Wyczerpani, głodni, spragnieni i pozbawieni przeciwpancernej broni żołnierze patrzyli jak niemieckie pojazdy pancerne wysuwają się z drogi i otwierają ogień. Bez żadnych możliwości powstrzymania czołgów Amerykanie widzieli jak bitwa zmienia się w obławę. Praktycznie wszystkie zaangażowane siły 168. Pułku Piechoty zostały przejęte. Dla podpułkownika Johna H. Van Vlieta Jr., dowódcy 3. batalionu, 17. lutego 1943 r. rozpoczął się okres niewoli znaczony nudą, głodem, trzema ucieczkami oraz, znacząco, wyjazdem do Katynia w celu obserwacji skutków zbrodni popełnionej przez Sowietów na tysiącach polskich oficerów.

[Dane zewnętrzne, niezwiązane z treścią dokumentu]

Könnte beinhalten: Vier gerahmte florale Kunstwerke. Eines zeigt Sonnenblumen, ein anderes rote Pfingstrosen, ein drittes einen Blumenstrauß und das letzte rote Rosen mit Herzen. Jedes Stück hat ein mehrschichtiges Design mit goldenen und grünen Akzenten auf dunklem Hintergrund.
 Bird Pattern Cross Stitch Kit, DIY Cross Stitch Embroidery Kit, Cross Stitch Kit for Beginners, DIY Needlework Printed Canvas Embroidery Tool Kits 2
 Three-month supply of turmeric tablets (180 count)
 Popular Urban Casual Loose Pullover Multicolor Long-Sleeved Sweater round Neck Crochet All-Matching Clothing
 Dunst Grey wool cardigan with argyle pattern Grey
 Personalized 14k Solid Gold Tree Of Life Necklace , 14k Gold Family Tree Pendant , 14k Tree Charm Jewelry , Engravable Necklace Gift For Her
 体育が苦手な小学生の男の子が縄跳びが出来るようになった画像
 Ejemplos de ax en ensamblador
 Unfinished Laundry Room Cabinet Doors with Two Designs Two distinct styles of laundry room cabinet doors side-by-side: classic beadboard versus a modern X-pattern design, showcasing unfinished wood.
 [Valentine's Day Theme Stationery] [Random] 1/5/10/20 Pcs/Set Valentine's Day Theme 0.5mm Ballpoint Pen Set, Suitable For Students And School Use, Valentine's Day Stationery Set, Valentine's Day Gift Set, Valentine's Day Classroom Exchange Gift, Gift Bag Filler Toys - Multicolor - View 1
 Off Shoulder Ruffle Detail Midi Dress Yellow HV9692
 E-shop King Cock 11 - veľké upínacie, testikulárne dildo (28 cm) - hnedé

John H. Van Vliet Jr., nazywany  też “Jack” albo “Van”, pochodził z rodziny wojskowej. Urodził się w Texas City, w stanie Texas i mieszkał w różnych bazach wojskowych i placówkach zagranicznych. W roku 1937, podobnie jak jego dziadek w 1840 i ojciec w 1913, ukończył West Point. Został skierowany do służby w piechocie. Podążał ścieżką kariery typową dla oficera piechoty, aż we wrześniu 1941 r. w cywilu udał się do Wielkiej Brytanii, by obserwować Armię Brytyjską i wziąć udział w organizowanych przez nią specjalistycznych kursach. Potem na krótko powrócił do Fort Benning jako instruktor w Szkole Piechoty by znów udać się do Wielkiej Brytanii, objąć dowództwo 3. Batalionu 168. Pułku Piechoty i poprowadzić go w inwazji w Afryce Północnej i bitwie o przełęcz Kasserine. Misja ta zakończyła się na równinie Afryki Północnej, kiedy to niemieckie siły przejęły kontrolę nad ich nowymi jeńcami wojennymi.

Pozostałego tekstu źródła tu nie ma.